Mitochondria is also capable of responding to viral infection and produces proteins called mitochondrial antiviral signalling (MAVS) proteins that induce cell suicide or apoptosis. This starts with a RIG-1 dependent protein, which binds to MAVS. On one hand, MAVS interacts with ER resident protein STING (Stimulator of IFN Genes), which dimerizes and in turn activate IKKε (Inducible IκB Kinase ε) and NF-κB signalling. Additionally, MAVS also activates IRF-3, making it move to the nucleus and turning on production of type I-IFNs. Conversely, viruses can antagonize the type-I IFNs response mediated by PLP, which inhibits this signalling [46].

Latest details indicate that ORF8 of SARS-CoV-2, can straightforwardly reduce MHC-I molecules surface countenance and interrupts antigen presentation, lowering the detection and eradication of virus-infected cells by Tc cells. Besides this, ORF8 can selectively target lysosomal degeneration by autophagy and in turn CTLs inefficiently eliminate the ORF8-expressing cells [48].

Effective activation of NF-κB leads to a robust production of pro-inflammatory cytokines and chemokines. Therefore, targeting NF-κB for delaying type-I IFNs production is another efficient strategy employed by viruses. NF-κB remains inactive in cytoplasm, due to attached inhibitory molecule IκB. SARS-CoV protein M inhibits phosphorylation and degradation of IκB, thus halting NF-κB relocation to nucleus [38], [49]. Apart from this, M protein antagonizes the MAVS-mediated innate response against virus by inhibiting the phosphorylation of TBK1, IKKα/β, IRF3 and p65, which in turn disrupt nuclear localization of IRF3 thus inhibits type-I IFNs production [50]. ORF3a of CoV-2 is found crucial in apoptosis (like CoV) and opposition of type-I IFNs reactions in infested cells [51]. Besides them, ORF6, ORF8 and nucleocapsid protein also inhibit interferon signalling via different mechanisms [52].

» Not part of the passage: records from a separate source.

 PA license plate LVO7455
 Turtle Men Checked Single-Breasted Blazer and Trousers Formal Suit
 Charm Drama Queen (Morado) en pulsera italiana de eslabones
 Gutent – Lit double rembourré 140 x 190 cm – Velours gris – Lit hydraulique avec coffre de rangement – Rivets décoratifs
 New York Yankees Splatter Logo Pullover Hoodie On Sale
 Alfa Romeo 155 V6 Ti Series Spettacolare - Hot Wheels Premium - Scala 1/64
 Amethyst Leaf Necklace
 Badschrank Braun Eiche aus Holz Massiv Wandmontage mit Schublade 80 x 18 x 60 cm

Viral N protein rather interferes with phosphorylation of IRF3, followed by resettlement to nucleus [38], [53]. Additionally, N protein modulates TGF-β signalling to obstruct apoptosis of SARS-CoV diseased host cells, with significant repercussions in tissue fibrosis [54].

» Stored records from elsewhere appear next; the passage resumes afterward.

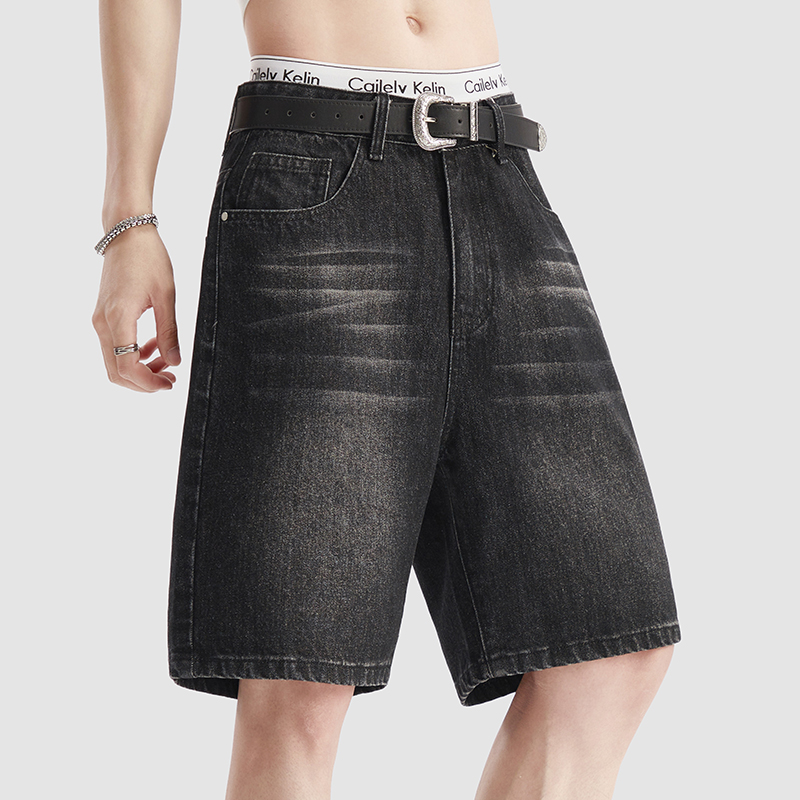 Men Fashion Jeans - Yaz Ince Siyah Kot Şort erkek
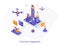 Futuristic megapolis isometric web banner.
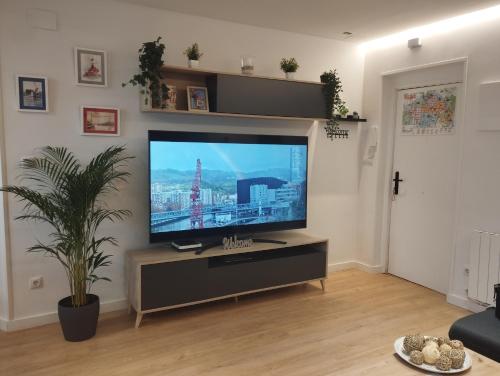 a living room with a large flat screen tv at Apartamento La Carola in Bilbao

SARS-CoV nsp1 can cause host mRNAs translation shutoff by attaching to cellular factors like 40S subunit of ribosomes [42]. Additionally, nsp1 protein causes host mRNA degradation by energising Xrn1 exonuclease and other proteins in cleavage machinery [55].

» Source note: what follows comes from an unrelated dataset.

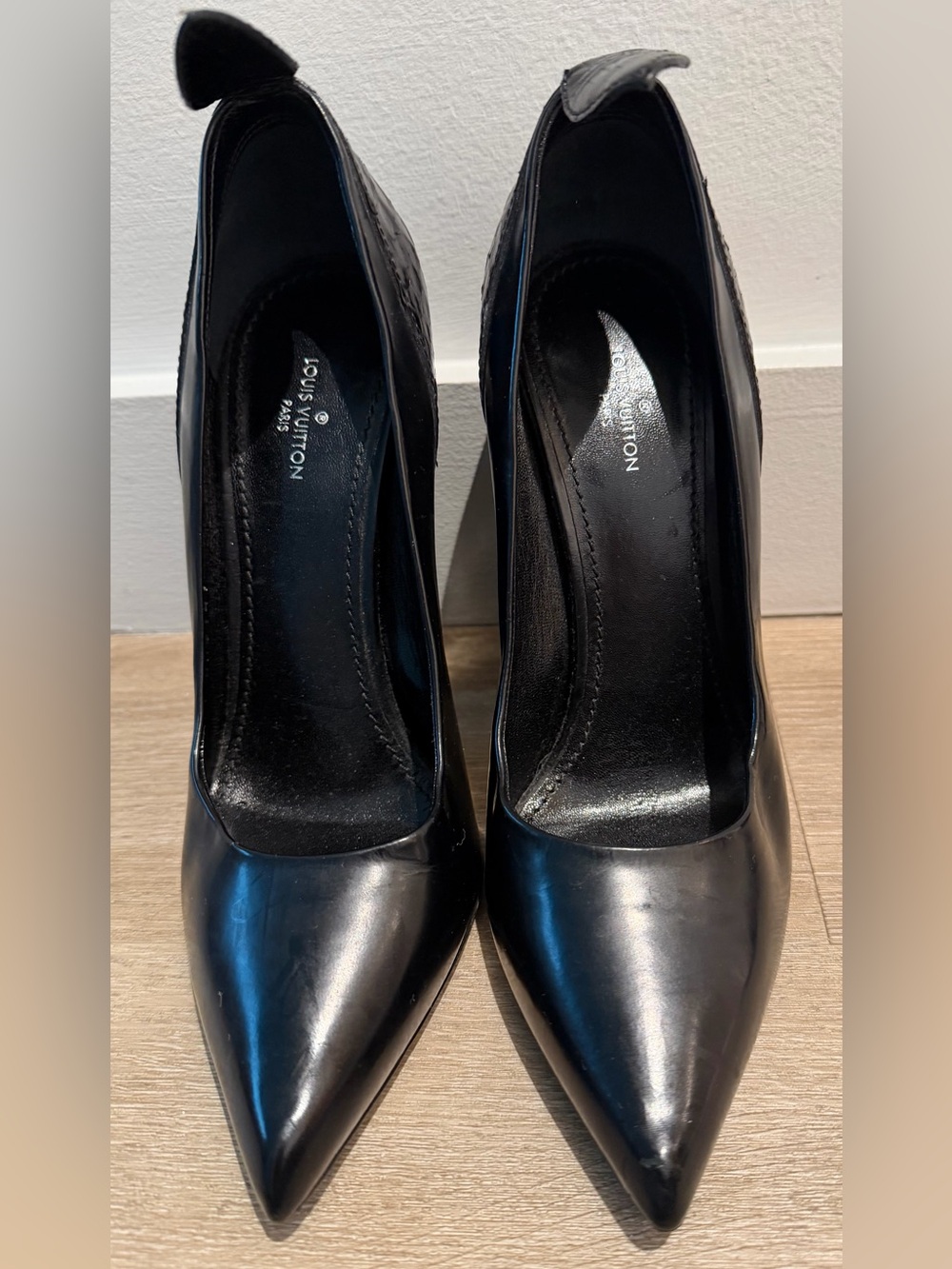 Louis Vuitton Black Patent Pointed-Toe Pumps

Besides IFN’s delay, emergent indications also suggest the role of SARS-CoV 3a protein into stimulation of the NLRP3 inflammasome, which in turn trigger caspases mediated IL-1β and IL-18 release, pyroptosis and multi-organ failure, leading to severity of infection [56].

These vital strategies reported in various fatal cases lead to a possible delay in type-I IFNs production, which bargains an early viral constraint, leading to spike in viral load (Fig. 4A & B). This could be the probable reason behind asymptomatic individuals being effective carriers. However, after the initial delay in type-I IFNs production and simultaneous successful viral replications, finally IRF-3, 7 and NF-κB mediate production of type-I IFNs, which activate the nearby cells, including macrophages and in turn helper T (Th) cells, to further secrete IFN-γ and pro-inflammatory cytokines (IL-6 and TNFα) (Fig. 4B) [1], [2]. Developed DCs trigger T cells for their pivotal linkage of onset‐increase, management and continuance of immune reactions, which also stimulates lung immunopathology with reduced survival and weakened antiviral protection [57].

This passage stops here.